Difficult to talk about London Fields for very long without mentioning Saturday’s farmers market. In a typically contrary way, I prefer Broadway Market sans market. Which isn’t to say that I don’t appreciate having a farmers market on my doorstep. I know I sound like a spoilt brat and I do like parts of it. I really love the aforementioned mushroom sandwiches and the range of cheese sold by Hot French Cheese Guy is v good.

The Broadway Market Traders’ and Residents’ Association have done an amazing job in bringing a bit of community magic to E8 and it’s difficult not to admire a market that champions local people and produce. The people on the market clearly care about what they sell and how they sell it.
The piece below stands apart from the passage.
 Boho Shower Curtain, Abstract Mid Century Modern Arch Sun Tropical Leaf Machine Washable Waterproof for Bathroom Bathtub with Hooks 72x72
Patrick White, a former eastender (the place not the fun-filled tv show) recently wrote about the market in glowing terms though even he sounded a little miffed at paying ten quid for a lump of cheese. You can see his point. Regeneration, kids doing it for themselves, keeping Tesco at bay etc etc.
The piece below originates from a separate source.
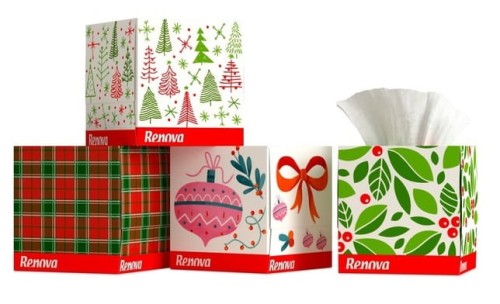 Zestaw Chusteczek Renova Xmas Edotion 4x50szt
My gripes with the market are completely personal and more to do with stupid arses like me, than the market itself. I don’t like is being jostled by billions of boys in skinny jeans and pointy boots larking around being wacky. And I definitely don’t like queuing up for about 47 hours to get a beef burger, no matter how delicious and expertly reared it is. Broadway Market is ace around Christmas, pretty good throughout spring, but come summer it’s a mess of overly nonchalant thirty-somethings wielding babies like bazookas and idiotically dressed hipsters.

My other problem with the market is to do with my working-class hero evil twin syndrome. It’s not real. Real markets have fat men shouting about tomatoes, and blokes who’ve sold foam for twenty years hence earning the name “Jim the Foam”. Real market stall folk rely on guile and bloodymindedness throughout the winter months and charm the rest of the time. The stall-holders on Broadway Market sell lovely things for a lot of money. But they don’t have to make an effort. Some are friendly enough but most are too busy throwing organic chard to the seething trendy masses to have a bit of a chat. So the joy of market banter is lost. My dad had it in spades. He could charm the pants of an old dear at twenty paces. She’s have a tartan wheely trolley full of slippers for the whole family before you could say bargain.

Our farmers market is not really a market: it’s a tourist attraction. Somewhere to ponce about, meet your pals and pay four quid for a very posh butty. That’s fine in its own way, but I want markets to have good produce that you can afford. I want them to be the place where you go every week to buy all your fruit and veg. I want fat blokes and old blokes and little old ladies barging people out of the way with their trolleys. I want people to be there to buy food and not just for their lunch. I want the traders to make me laugh. Shopping at food markets would definitely go into my Top Ten Favourite Things Ever – but Broadway Market leaves me cold.